Invasão dos bárbaros ou Os hunos se aproximando de Roma, Ulpiano Checa
"Repara com que surpresa repentina a morte pesou sobre o mundo inteiro, quando a violência da guerra abateu os povos. Nem o solo rude dos matagais espessos ou das altas montanhas, nem a corrente dos rios, em seus turbilhões rápidos, nem o abrigo que a Natureza proporcionou as cidadelas, os muros, às cidades, nem a barreira formada pelo mar, nem as tristes solidões do deserto, nem as gargantas, nem mesmo as cavernas, sobre os quais pendem sombrios rochedos, puderam escapar às mãos dos bárbaros.
[...] Mas, que aproveita contar a morte de um mundo que desmorona, seguindo a lei ordinária de tudo o que perece? Que aproveita relembrar o número dos que morrem por todo o Universo, quanto tu mesmo vês teu último dia chegar a grandes passos? Quantos males podem causar as espadas, os edifícios que desmoronam, o fogo, o veneno, as torrentes de água? Quanta gente leva a perecer as guerras, a fome, o desencadear das epidemias, a morte, enfim, que, por caminhos diversos se apresenta igual para todos! [...] Em uma corrida [...] nossa vida termina faz precipitarem-se nossos últimos dias."

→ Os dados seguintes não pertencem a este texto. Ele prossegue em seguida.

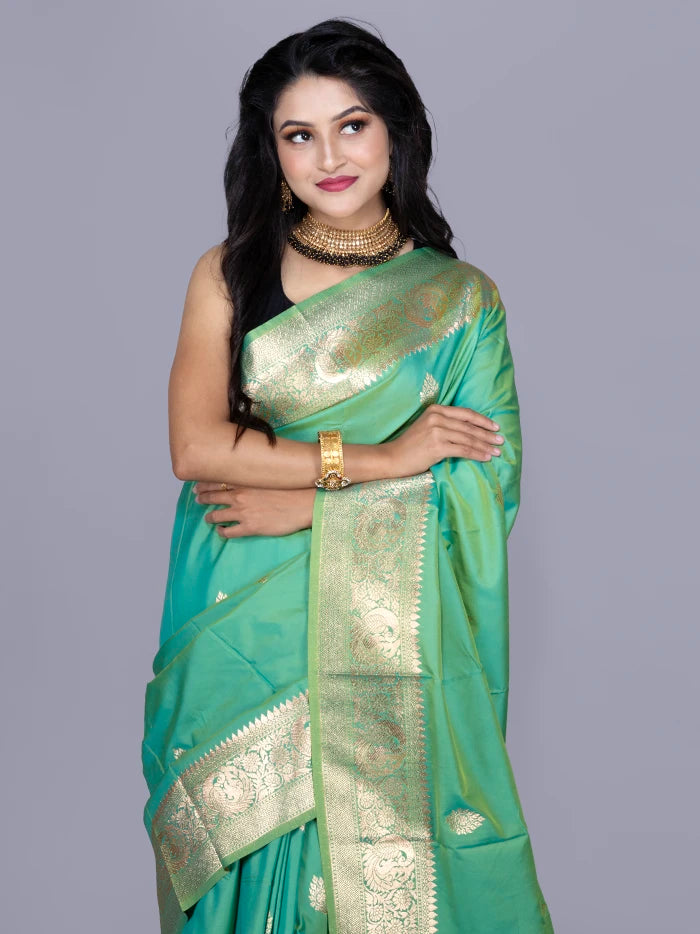 Elegant Green Dual Tone Katan Silk Saree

As palavras anteriores são da autoria de Orêncio, sacerdote e escritor romano, que viveu no século V. Não lhe parece que as palavras estão cheias de angústia e de insegurança? São elas o reflexo da crise, que muitos então viviam. Era o fim de uma época, destruída por forças que não se detiveram diante de nada. Nem obstáculos naturais, nem barreiras levantadas pelos homens do moribundo Mundo Romano conseguiram deter os invasores.

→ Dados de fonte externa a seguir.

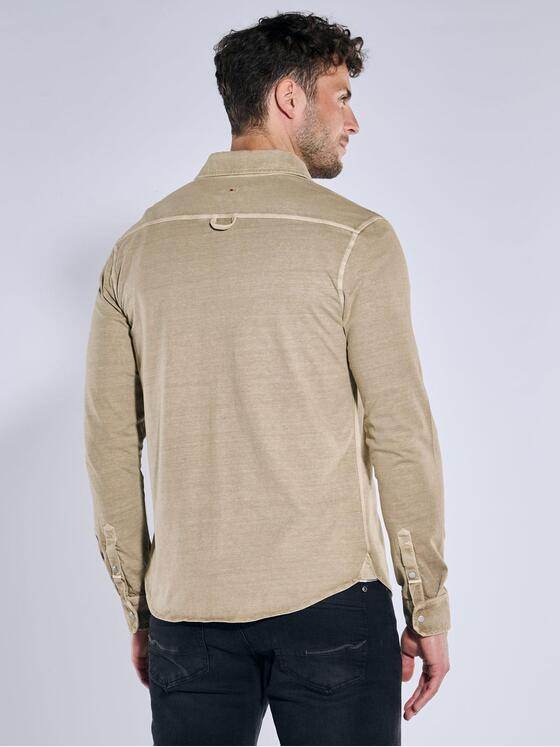 emilio adani Herren Langarm-Hemd uni Beige 39169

Estes invasores eram os povos bárbaros, como os romanos chamavam os germanos [...].
"As escassas informações existentes sobre os germanos
primitivos chegaram até nós através do historiador romano Tácito e de achados
arqueológicos, como desenhos em cavernas, gravuras em pedra, utensílios, armas,
vestimentas." (HOLLANDA, Sérgio Buarque de (Org.). História da
Civilização. São Paulo: Nacional, 1974. p. 125)

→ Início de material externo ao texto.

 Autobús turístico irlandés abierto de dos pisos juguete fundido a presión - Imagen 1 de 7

"Sua ferocidade supera tudo. Por meio de um ferro, marcam com profundas cicatrizes as faces dos recém-nascidos [...] Têm um corpo grosso, os membros robustos, a nuca espessa. Suas espáduas largas tornam-nos assustadores [...] Os hunos não cozinham, nem temperam o que comem. Nutrem-se apenas de raízes silvestres ou de carne crua do primeiro animal que aparece [...] Entre eles não se usam casa, nem tampouco túmulos. Não encontraríamos nem mesmo uma cabana [...] Cobrem-se de um linho ou de peles de ratazanas do mato, cozidas entre si. Não possuem veste interior, nem roupa para visita. Uma vez que enfiaram a túnica de uma cor desbotada, não a deixam mais, até que ela caia de velha. Cobrem a cabeça com chapéus de abas caídas. Envolvem-se em peles de cabra as peludas pernas [...] A cavalo, dia e noite, é de lá que negociam suas compras e vendas. Não põem pé em terra, nem para comer nem para beber. Dormem reclinados sobre o magro pescoço de sua cavalgadura, onde sonham bem à vontade."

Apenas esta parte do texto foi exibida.